Pero las respuestas al tipo de pretensiones propias de la metafísica pueden encontrarse también en las cosmovisiones y en las religiones. ¿Hace alguna falta una respuesta específicamente filosófica? 

La respuesta filosófica a las cuestiones de rango metafísico tiene carácter crítico y formal, que la diferencia de las demás respuestas operantes en la historia de la humanidad (mitos, religiones, ideologías). La filosofía primera es crítica, es decir, reflexiva, y posibilita un marco abierto de revisión continua. Está abierta a las autocorrecciones de la experiencia y de la razón.

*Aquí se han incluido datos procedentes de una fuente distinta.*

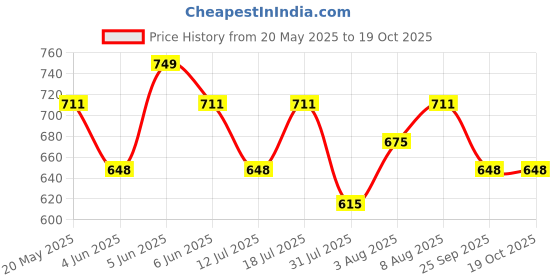 amazon.in feranoid Classic Collared Cotton Shirt with 3/4 Sleeve for a Timeless Casual Look feranoid Price History Graph from 20 May 2025 to 19 Oct 2025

Esta actitud antidogmática, sin embargo, no obliga a renunciar a las pretensiones de universalidad, ultimidad y normatividad. Pero este nivel de lo incondicionado e irrebasable tiene carácter formal-trascendental, es decir, de una forma, de una perspectiva, de un nivel, de una formalidad, frente a todo contenido y determinación concretos y particulares.

La experiencia de abismo que hoy nos invade constituye el trasunto de la sospecha de que todo es contingente y caótico. Y como el mundo de la experiencia viva, por mucho que se lo reprima, acaba rebasando cualquier principio ordenador, fácilmente surge el escepticismo y nihilismo. ¿Podrá encontrarse una orientación fecunda para el hombre? Quien vive la experiencia del límite abismal precisa extraer el sentido de saber estar en la realidad y no sólo "saber vivir".